For the sake of simplicity the following notation $a_k := a(k)$ is assumed for time sequences.
A completely general discrete-time (DT) non-linear(NL) time-invariant (TI) dynamical system can be described with a system of vector difference equations, where $x(k)$ is the system state, $u(k)$ is the system input and $y(k)$ is the system output: $$\begin{cases} x(k+1) = f(x(k),u(k))\\ y(k) = g(x(k), u(k)) \end{cases} \quad\forall k\ge0$$ $f$ and $g$ are general non linear functions.
The first equation is very close to a general autonomous non linear differential equation with $\dot x(t)=f(x(t),u(t))$ where $u(t)$ is the source term.
Now, the same dynamical DT NL TI system could be described also through an input output relationship, involving more among their'samples' (current and past): $$y(k) = h(y(k-1),y(k-2),...,y(k-n),u(k),u(k-1),...,u(k-m)), \quad\forall k\ge0$$ where again, $h$ is a general non linear function, and $n,m$ are integer positive values.
How can one prove that this input-relationship form is equivalent to the former state-space representation, at least when $x(0)=0$ (without any care about a possible relationship between $f,g$ and $h$)?
EDIT: And, at least, how can one be sure that the IO relationship involves finite past samples and not all the past samples (since the initial time instant)?

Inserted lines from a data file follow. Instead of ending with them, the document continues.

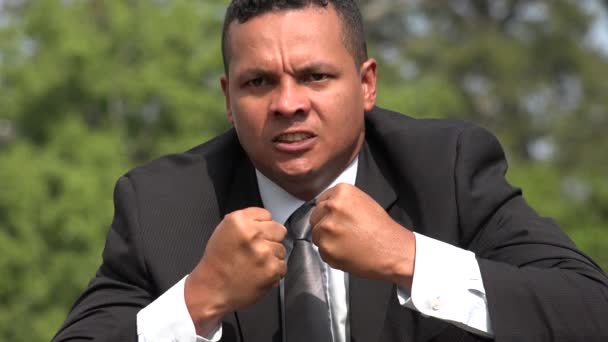 Wütender Hispanischer Männlicher Geschäftsmann — Stockvideo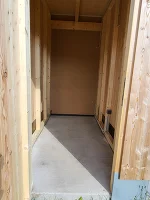 Einlagerungsraum neben Terrasse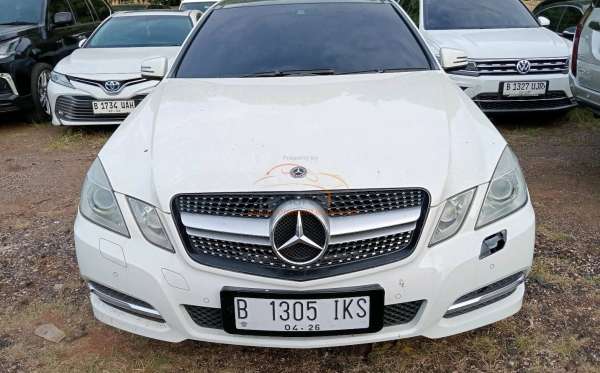 MERCEDES BENZ E 300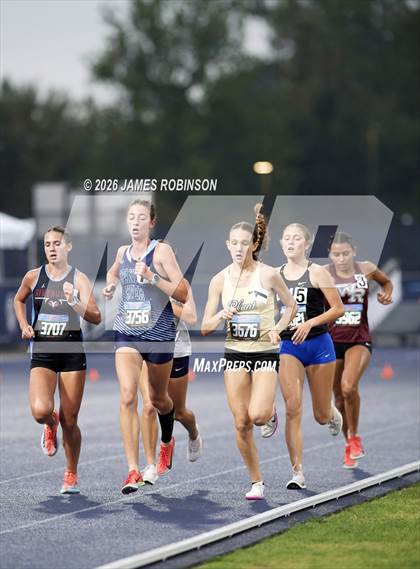 Thumbnail 2 in FHSAA Class 4A Final (3200m) photogallery.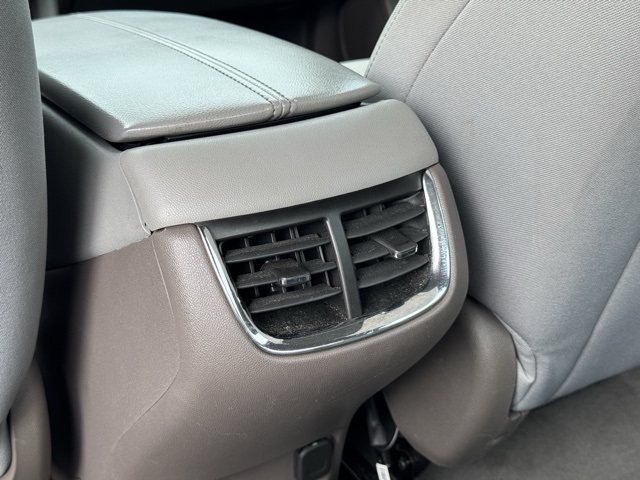 Vehicle image 13 of 32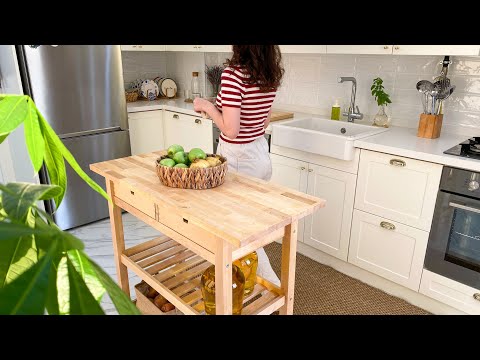 Видео: Минималистичная организация кухни с IKEA 🧺 | Уютный домашний влог
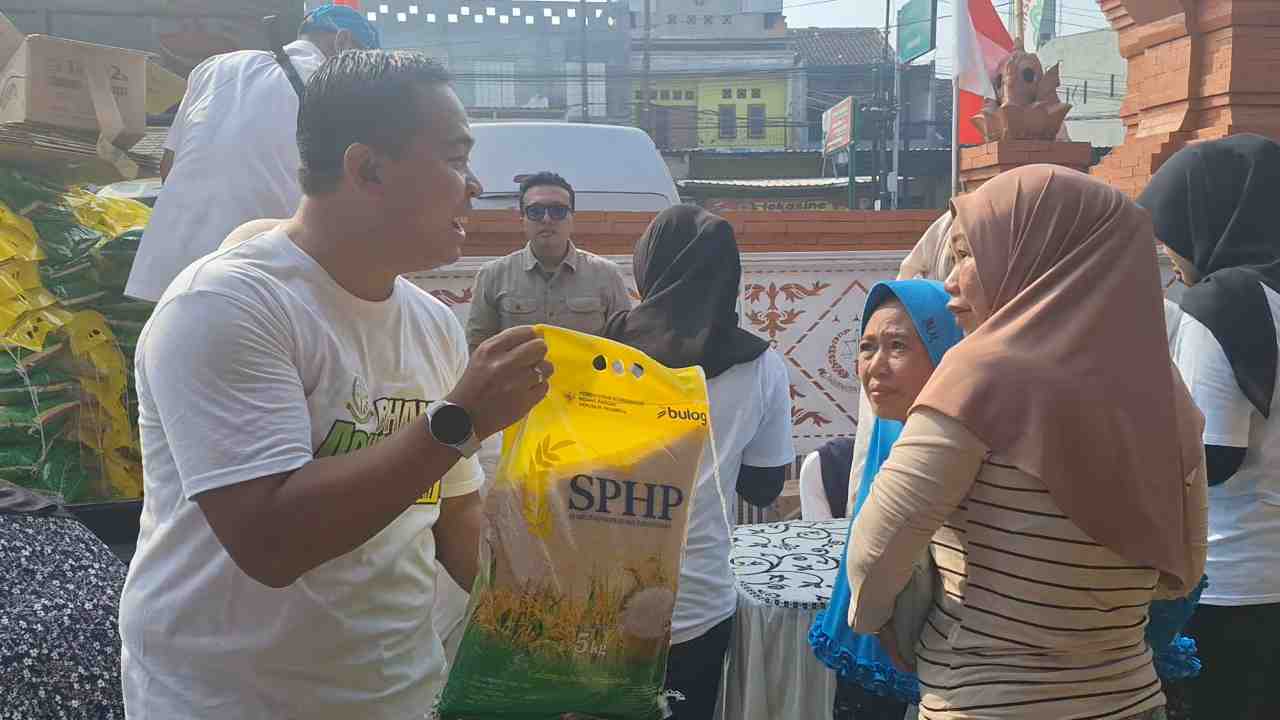 Bulog Siapkan 2,5 ton Beras SPHP untuk Bazar Pasar Murah Sembako Kejari Kabupaten Mojokerto 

One can do this by for example defining the state vector as follows,
$$ x(k) = \begin{bmatrix} y(k) \\ y(k-1) \\ \vdots \\ y(k-n+1) \\ u(k-1) \\ u(k-2) \\ \vdots \\ u(k-m+1) \end{bmatrix}. $$
By using your second update formula for $y(k)$, one can quite easily find $f(x(k),u(k))$, because it should describe $x(k+1)$. Assuming that $y(k)$ is a vector of length $l$, then for the top $l$ states you can just use the second update formula (but increment the value of $k$ by one), since all the required inputs for $h(\cdot)$ are present in $x(k)$ and $u(k)$. The remaining states will just be a down shift of the already known states of $x(k)$, omitting $y(k-n+1)$ when the history of $u(k)$ starts, where instead $u(k)$ is inserted. After this the down shifting of the already known states of $x(k)$ continues, until the end of the state vector, omitting $u(k-m+1)$. And $g(x(k),u(k))$ should be trivial as well, namely just take the top state(s) of $x(k)$.